Konrad Weinstock wiederum hat dem Landrat darauf hin geantwortet: „Dass Ihre Mitarbeiter schon Überstunden gemacht haben, als es den Helferkreis noch nicht gab, ist durchaus ehrenwert. Unsere Helfer machen übrigens seit Monaten nur Überstunden (unbezahlt), denn viele bringen ihren Einsatz neben einem regulären Job.“

Essen lieber für die Tonne als für die Ehrenamtlichen

Zusätzlich zu vielen bürokratischen Hürden, die nicht nur in Pliening, sondern von Helferkreisen in ganz Bayern beklagt werden, ist Weinstock maßlos enttäuscht vom Umgang des Landratsamtes mit den Helfern. Er berichtet davon, dass Mitarbeiter der Kreisbehörde Ehrenamtlichen vorgeworfen hätten, sich etwas vom Essen für die Asylbewerber, das von einem Catering-Service geliefert wird, nehmen zu wollen. Dabei sei es um eine Handvoll Portionen gegangen, die eh nur weggeworfen worden wären. Auch als der Helferkreis angeboten habe, das Essen zu bezahlen, sei es ihm dennoch untersagt worden. „Für mich ist das symptomatisch dafür, welche Wertschätzung einige Mitarbeiter des Landratsamtes gegenüber der Arbeit der Helferkreise haben“, sagt Weinstock.

Situation "zugespitzt"

Nachdem es vor wenigen Wochen in der Plieninger Traglufthalle eine größere Schlägerei unter Asylbewerbern gegeben hat, in deren Verlauf die Haupttäter auch auf das Sicherheitspersonal losgegangen waren sowie das Büro des Helferkreises demoliert haben, sieht Konrad Weinstock die Situation als „zugespitzt“. Zumal die Haupttäter weiterhin in der Halle untergebracht sind.

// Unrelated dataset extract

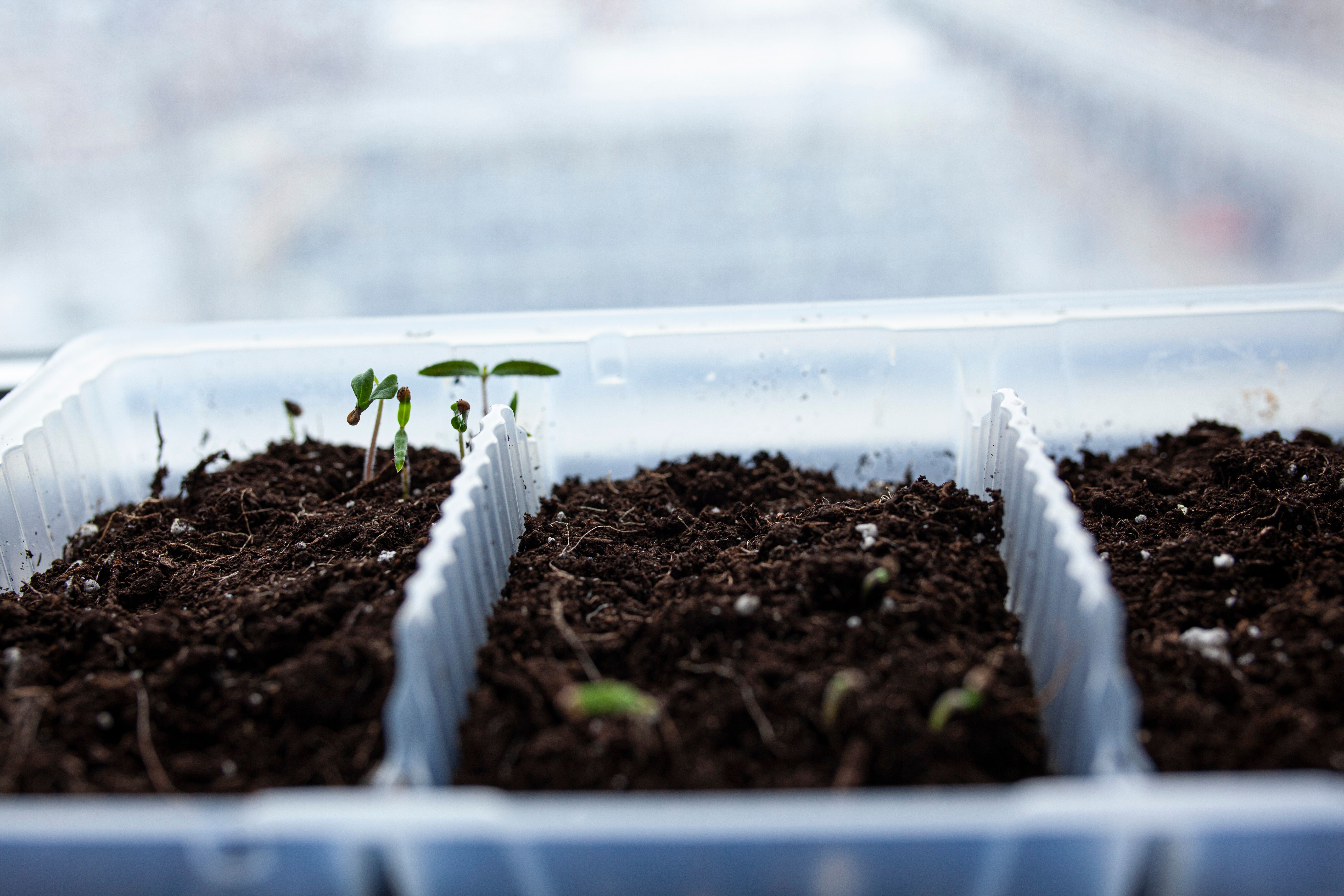 Green sprout in the ground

Das Landratsamt habe lediglich angekündigt, die Zahl der Sicherheitskräfte zu erhöhen – das sieht Weinstock allerdings nicht als die richtige Lösung an. Zum einen, weil er selbst beobachtet und erfahren hat, dass das Personal teilweise nicht ausreichend geschult sei, zum anderen, weil viele Sicherheitskräfte Frauen seien, vor denen die meisten Asylbewerber (aufgrund ihrer Kultur) zunächst keinen Respekt hätten.

In seinem Brief an die Landes- und Bundespolitiker Stamm, Huber und Schurer schreibt der Sprecher des Helferkreises: „Bitte wirken Sie (...) darauf hin, dass in den Landratsämtern und insbesondere bei den dortigen Chefs ein Umdenken stattfindet.